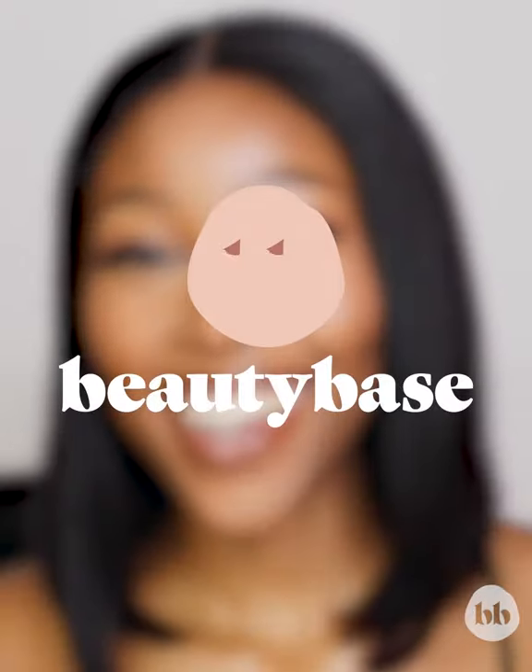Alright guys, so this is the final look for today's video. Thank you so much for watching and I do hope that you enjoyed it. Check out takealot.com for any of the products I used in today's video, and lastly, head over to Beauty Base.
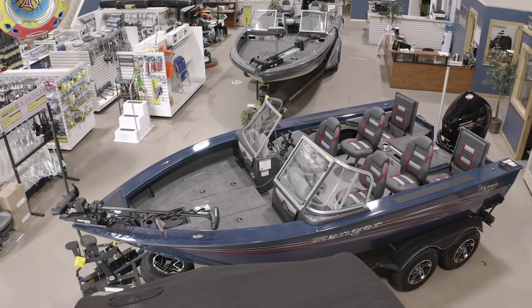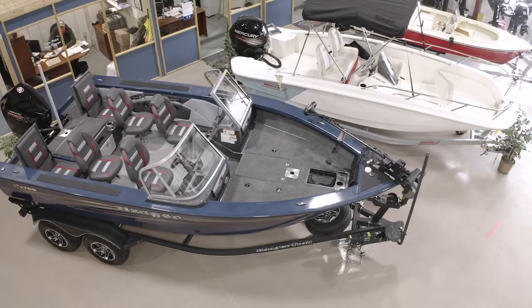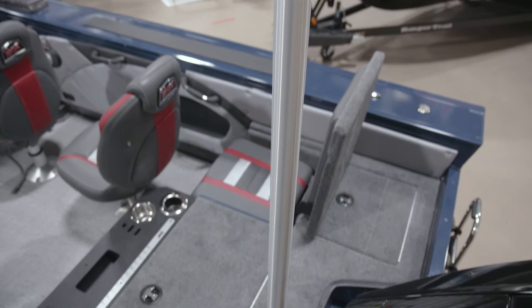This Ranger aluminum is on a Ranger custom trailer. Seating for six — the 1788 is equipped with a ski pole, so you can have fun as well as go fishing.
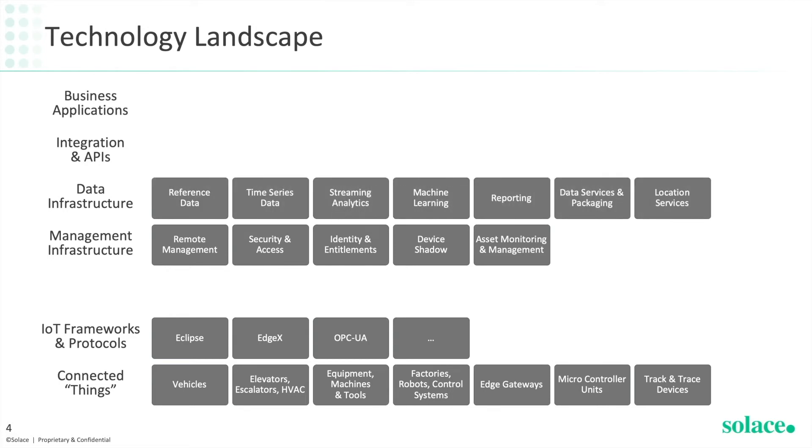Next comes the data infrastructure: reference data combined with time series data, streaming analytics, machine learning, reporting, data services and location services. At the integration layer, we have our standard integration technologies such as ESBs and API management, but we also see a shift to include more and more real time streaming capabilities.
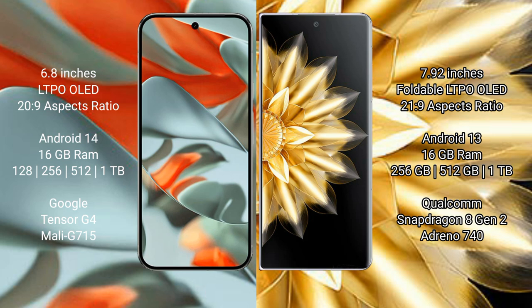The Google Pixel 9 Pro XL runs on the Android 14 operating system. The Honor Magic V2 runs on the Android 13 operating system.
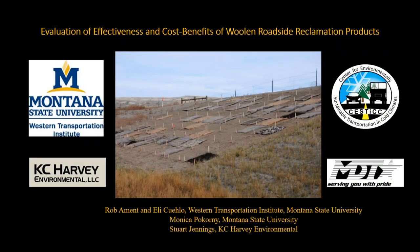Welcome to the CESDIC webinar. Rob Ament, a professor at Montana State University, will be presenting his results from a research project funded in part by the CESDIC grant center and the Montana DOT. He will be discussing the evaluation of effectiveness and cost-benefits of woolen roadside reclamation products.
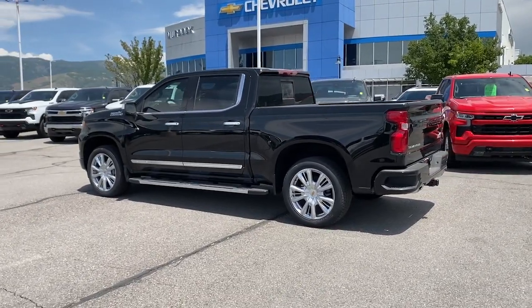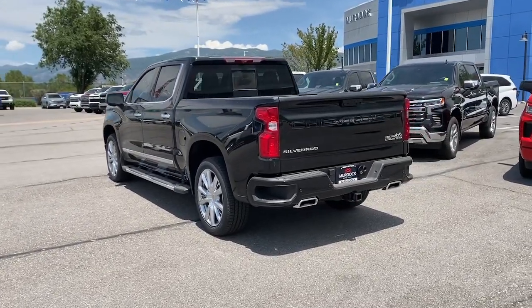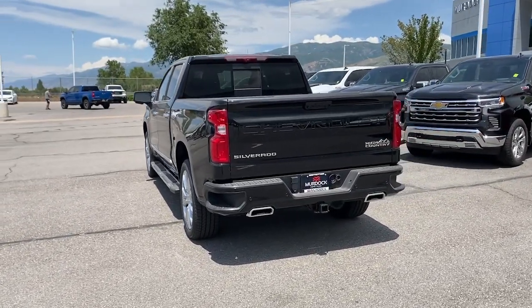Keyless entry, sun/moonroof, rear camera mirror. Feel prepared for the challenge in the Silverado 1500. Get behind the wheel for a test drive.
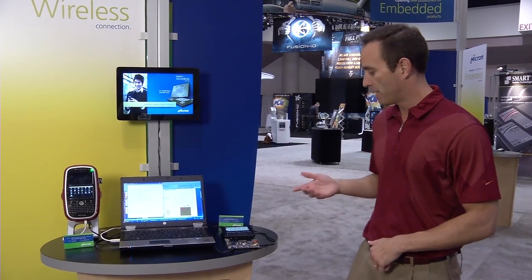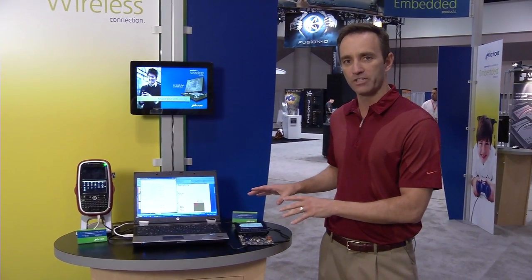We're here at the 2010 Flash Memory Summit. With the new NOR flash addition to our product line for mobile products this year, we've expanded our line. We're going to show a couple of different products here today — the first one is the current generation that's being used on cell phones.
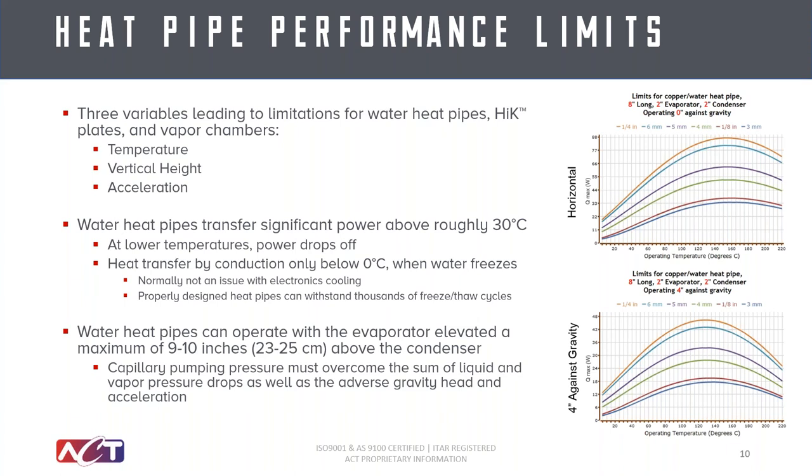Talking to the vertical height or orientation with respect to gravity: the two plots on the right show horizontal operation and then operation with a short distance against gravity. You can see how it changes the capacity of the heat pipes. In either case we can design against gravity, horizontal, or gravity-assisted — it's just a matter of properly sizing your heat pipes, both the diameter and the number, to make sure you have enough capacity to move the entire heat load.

* * *

__PROBLEM__
Set down the material exactly, every line of it, except for the pictures.

__RESULT FOR THIS TASK__
Alright guys, so this is the final look for today's video. Thank you so much for watching and I do hope that you enjoyed it. Check out takealot.com for any of the products I used in today's video, and lastly, head over to Beauty Base.
This Ranger aluminum is on a Ranger custom trailer. Seating for six — the 1788 is equipped with a ski pole, so you can have fun as well as go fishing.
Next comes the data infrastructure: reference data combined with time series data, streaming analytics, machine learning, reporting, data services and location services. At the integration layer, we have our standard integration technologies such as ESBs and API management, but we also see a shift to include more and more real time streaming capabilities.
The Google Pixel 9 Pro XL runs on the Android 14 operating system. The Honor Magic V2 runs on the Android 13 operating system.
Welcome to the CESDIC webinar. Rob Ament, a professor at Montana State University, will be presenting his results from a research project funded in part by the CESDIC grant center and the Montana DOT. He will be discussing the evaluation of effectiveness and cost-benefits of woolen roadside reclamation products.
Keyless entry, sun/moonroof, rear camera mirror. Feel prepared for the challenge in the Silverado 1500. Get behind the wheel for a test drive.
We're here at the 2010 Flash Memory Summit. With the new NOR flash addition to our product line for mobile products this year, we've expanded our line. We're going to show a couple of different products here today — the first one is the current generation that's being used on cell phones.
Talking to the vertical height or orientation with respect to gravity: the two plots on the right show horizontal operation and then operation with a short distance against gravity. You can see how it changes the capacity of the heat pipes. In either case we can design against gravity, horizontal, or gravity-assisted — it's just a matter of properly sizing your heat pipes, both the diameter and the number, to make sure you have enough capacity to move the entire heat load.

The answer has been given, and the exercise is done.